First, she found out that her “sister” was her mother, then she began to seriously question her 15-year marriage. And because of an invitation to a dinner party hosted by an old college friend, she met the famous George Kennan, and he hired her as a research assistant. This started a long friendship that ended with Kennan’s death in 2005 at age 101.
“And, it was a year when I fell deeply in love,” she wrote.
“It all started on a train,” she explains, a routine trip from Princeton to Boston to visit Florence.
The train was very crowded and she took a seat next to “a tall, slender black man, graying at the temples and wearing a clerical collar,” she wrote. A secret love affair developed that was to last for three and a half decades, conducted mostly by letters and telephone, and they were physically together just 10 times. In the book, she does not reveal the man’s name, referring to him only as “Ben.” Bull’s husband and children knew of her correspondence and friendship with the man, never suspecting they were also lovers, she said.
“I stepped fully into adulthood that year,” she wrote. “I chose my own work and no longer took all of my cues from my husband’s agenda.”
The next year, Neil took a job as headmaster at the American International School in Vienna, where the family spent five years. After that was a four-year stint when Neil was headmaster at a prep school in San Antonio, Texas, and then the couple returned to Princeton. There, Neil started the Center for Interim Programs in 1980, a company that assisted students and their families in what is now called the “gap” year some people take between high school and college. Through the years, the company has prospered, and is now headed by the Bulls’ daughter, Holly.
Throughout all the activity and movement in her life, Bull continued to struggle with depression and a flatline feeling despite “having it all,” she says. The revelations about her early life story haunted her. “… my backstory had changed from being an adopted child of two women to a secret, illegitimate child with an unknown father,” she wrote.
Visits to counselors and psychiatrists were unable to offer much help, she says, and they were confounded as to the source of her malaise.

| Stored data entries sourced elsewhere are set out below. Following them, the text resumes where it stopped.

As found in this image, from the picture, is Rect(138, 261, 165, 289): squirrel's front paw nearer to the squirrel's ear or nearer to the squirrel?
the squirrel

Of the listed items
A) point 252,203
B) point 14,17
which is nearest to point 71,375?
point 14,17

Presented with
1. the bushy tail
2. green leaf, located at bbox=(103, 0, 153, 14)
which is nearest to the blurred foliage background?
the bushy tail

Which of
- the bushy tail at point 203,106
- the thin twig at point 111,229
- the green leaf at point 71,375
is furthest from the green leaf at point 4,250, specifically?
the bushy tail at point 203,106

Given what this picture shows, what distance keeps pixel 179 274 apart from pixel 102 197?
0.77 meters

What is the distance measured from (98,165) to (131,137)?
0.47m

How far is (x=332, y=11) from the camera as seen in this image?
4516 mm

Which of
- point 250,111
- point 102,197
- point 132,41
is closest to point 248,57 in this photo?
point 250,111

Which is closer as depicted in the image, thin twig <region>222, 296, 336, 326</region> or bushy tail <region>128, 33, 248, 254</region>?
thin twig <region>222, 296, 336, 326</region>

One thing did help her spirits, and that was a series of seminars in journal-writing. From her memoir: “I stumbled into a kind of writing …that encouraged inner dialogue with significant aspects of one’s life — that would play a critical part in helping me to make sense of myself and my world.”
In 1987, the Bulls bought a home in Peterborough and used it as a summer place, commuting on weekends from Princeton.
In 1990, the couple moved from Princeton to Cambridge, Mass., maintaining their Peterborough residence, while Neil still ran the Center for Interim Programs. Mimi Bull earned a master’s degree in geriatric counseling at Lesley College (now university), and went to work at Cambridge Hospital.
Neil died in 2004, from cancer. She never told him of the romantic nature of her relationship with Ben, although later, in 2006, she assembled her children and told them.
Writing the book was a long process. “It took 19 years to get it together,” Bull says. “I worked hard to work my way through this. Writing is one of the great outlets for establishing my equilibrium.”
The memoir has received its share of publicity, being featured in The Boston Globe and prompting Bull to be interviewed by WBUR in Boston. Women who have read the book have contacted her, too.
“I’ve had a readership of young women who have garnered a lot of hope from what I wrote. One of them was intrigued that you can go through this and come out intact on the other side.”
And, she has advice for those who may be coping with life’s hard jolts.
“We live in a world of ‘me’ and ‘self’ and ‘victimhood,’ “ she says. “That’s a dead end.”